Here's a summary of glyph configuration by way of examples.
[my-other-style] mode=alignment # here glyphs are sub-features # and the styles to use are specified here: sub-features = homology:red-triangles; splice: blue-diamond ;polyA: polyA-tail [my-glyph-style] # can be for feature type glyph or sub-feature glyph = shape # shape to draw (both ends) glyph-3 = shape # shape to draw (bottom end) glyph-5 = shape # shape to draw (top end) glyph-3-rev = shape # shape to draw (bottom end) reverse strand glyph-5_rev = shape # shape to draw (top end) reverse strand glyph-score-mode = width height size # change size according to score glyph-score-mode = alt # change colour according to threshold glyph-threshold = X glyph-strand = flip-x flip-y # invert if on reverse strand glyph-align = left right # (defaults to centre if not specified) # style width must be set # see 'Aligning Glyphs' below for some useful comments glyph-colours = pink # for sub feature glyphs glyph-alt-colours = turquoise
[3-frame-splice] mode = glyph width=30.0 # make enough space for left and right pointing hooks frame-mode=only-1 # is frame specific so will use the colours, display in 1 column strand-specific=true show-reverse-strand=false # NB there are no rev strand features show_when_empty=false score-mode=width min-score= -2.0 # as in previous ACEDB style max-score = 4.0 glyph-5 = up-hook glyph-3 = dn-hook colours = normal fill grey # for central vertical line if we draw it frame0-colours = normal fill red; normal border red frame1-colours = normal fill green; normal border green frame2-colours = normal fill blue; normal border blue bump-mode=unbump
These are a little non standard. The data is for the forwards strand only and the min and max scores can be set in the GeneFinder application and typically are -2.0 to +4.0. These scores are the log probability of there being a splice site, so -ve values (hooks on the left) are less likely than random.

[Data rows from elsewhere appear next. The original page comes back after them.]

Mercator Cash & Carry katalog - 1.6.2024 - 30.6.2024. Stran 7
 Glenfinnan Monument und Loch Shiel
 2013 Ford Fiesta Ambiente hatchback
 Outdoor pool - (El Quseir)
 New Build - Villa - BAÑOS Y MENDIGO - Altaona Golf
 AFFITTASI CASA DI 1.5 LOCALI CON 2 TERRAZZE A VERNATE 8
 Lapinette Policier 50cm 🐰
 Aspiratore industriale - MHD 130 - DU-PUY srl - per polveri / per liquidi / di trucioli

If the score for a glyph is -ve then the width factor calculated will also be -ve and this will cause the glyph to be reflected in the origin, which itself will be calculated off centre in the column as min and max are not symetrical.
Note that 3-Frame splice markers are generated by the GeneFinder program and currently require ACEDB to be running. They are also explicitly only for the forward strand (meaningless with reverse complemented data) and the style above is designed to hide them when reverse complemented.
Note also that the 5' and 3' feature attributes from GeneFinder are Intron-centric and therefore are the opposite sense to that normally used in ZMap.
The style as defined above is what gets used if you specify in [ZMap] 'legacy_styles = true', and the glyphs are defined as:
[glyphs] dn-hook = <0,0; 15,0; 15,10> up-hook = <0,0; 15,0; 15,-10>
[homology-marker] mode = glyph glyph-5 = up-tri glyph-3 = dn-tri glyph-score-mode = alt glyph-threshold = 5 glyph-colour = normal fill red # for >= threshold glyph-alt-colour = mormal fill green # for < threshold
[nc-splice] mode = glyph glyph = diamond glyph-colours = blue
mode = glyph (TBD) glyph-5 = up-dotted-line glyph-3 = dn-dotted-line glyph-colours = blue
This could be coded as a separate featureset in the transcripts column.
In order to make styles files readable by humans glyph shapes will be defined by names, which will refer to a config stanza in the ZMap main config file. This will be called [glyphs] and will consist of a single line per glyph of the form 'name=drawing-spec'.
As we draw glyphs using GDK operations we will define shapes in a way compatible with these, and this means we can specify lines, simple polygons and ellipses. We assume that only one filled polygon is to be specified per glyph in the interests of display speed. However, experiments with GDK show that we can cross lines to generate more complex shapes such as bow-ties.
Glyphs are defined via coordinates relative to an origin (0,0) specified in pixels. The origin is where the shape is anchored to the feature, and the feature's anchor point will be in the centre of its column at its Y-coordinate - it will be possible to define shapes offset from the centre. Points are defined as (signed) coordinate pairs separated by semi-colons.
As the GDK drawing primitives draw filled shapes with border and fill colours if we attempt to combine these into one glyph we would end up with internal lines and opt not to allow this. (for example a square and a triangle combined)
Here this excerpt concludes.